Muhamed Lahouaiej Bouhlel, el tunecino residente en Francia que atropelló y mató a 84 personas en Niza, era un delincuente menor conocido por la policía. Eligió el 14 de julio para perpetrar la masacre. Esa fecha marca el inicio oficial de la Revolución Francesa. ¿Escogió el día para subrayar su odio a la República y su desprecio al relato de la gesta revolucionaria, porque había muchas personas en las calles, o acaso por una combinación de ambos factores, a lo que añadía su melancólica soledad tras el fracaso familiar y su deseo de ganarse el cielo coránico por asalto?
Las razones de los suicidas son siempre misteriosas.
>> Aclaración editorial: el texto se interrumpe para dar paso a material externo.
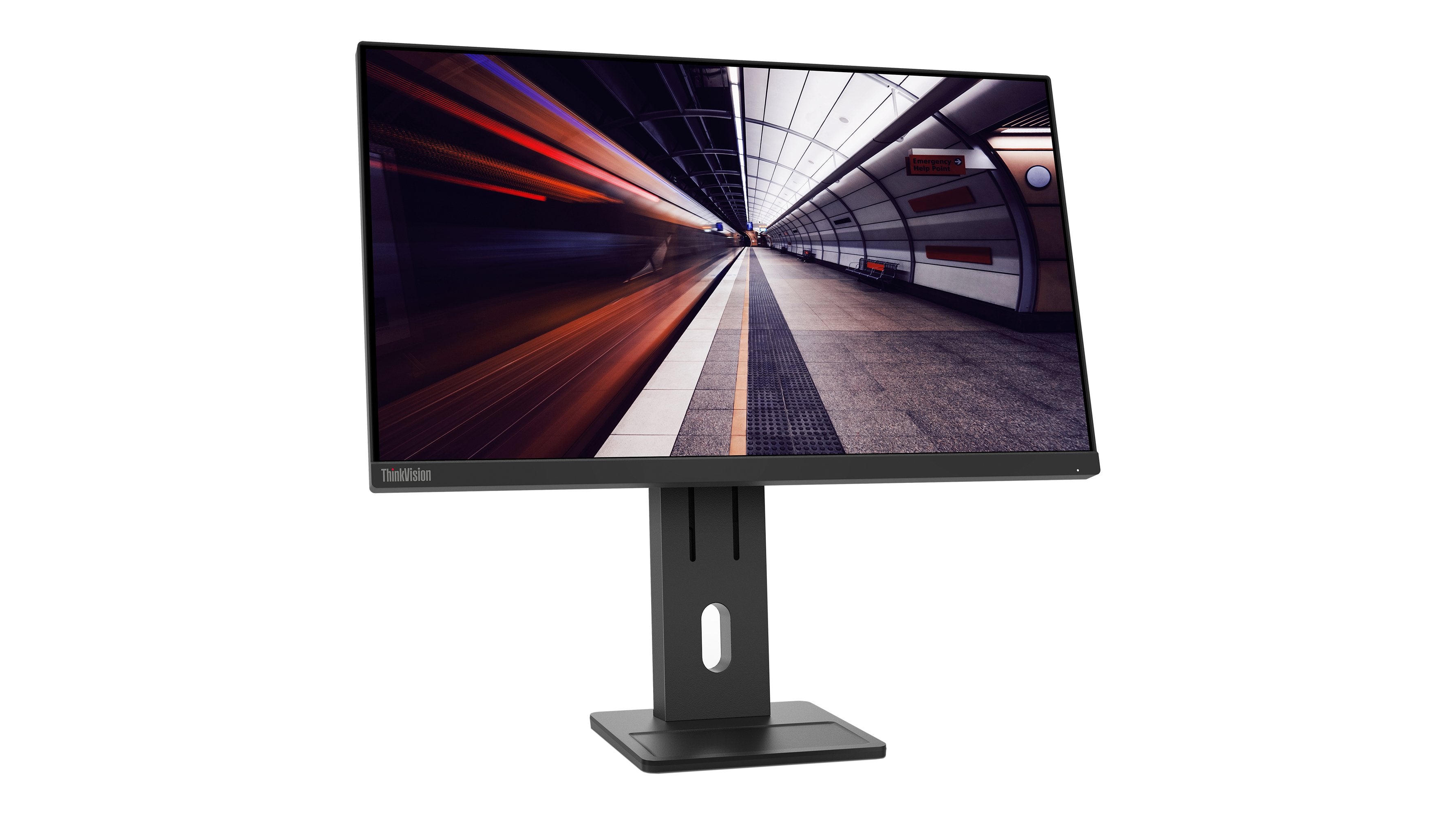 EAN 0197528565835 - Lenovo ThinkVision E24-30 pantalla para PC 60,5 cm (23.8") 1920 x 1080 Pixeles Full HD LED Negro imagen 4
Lo precario del crimen (un camión alquilado, armas y explosivos simulados) apunta a un “lobo solitario” o, a lo sumo, a un pequeño grupo sin grandes relaciones. Antes de morir gritó en árabe, dicen, “Alá es grande”. Ese tipo de matanzas ha sido cruelmente ensayado en Israel, hasta ahora por medio de automóviles. Es probable que el ejemplo se propague. Sucedió con los asesinatos en las escuelas en Estados Unidos. Los fanáticos del Califato Islámico lo recomiendan ardientemente. “Maten como puedan, con cualquier cosa que tengan a su alcance, pero maten y griten Allahu Akbar antes de morir”.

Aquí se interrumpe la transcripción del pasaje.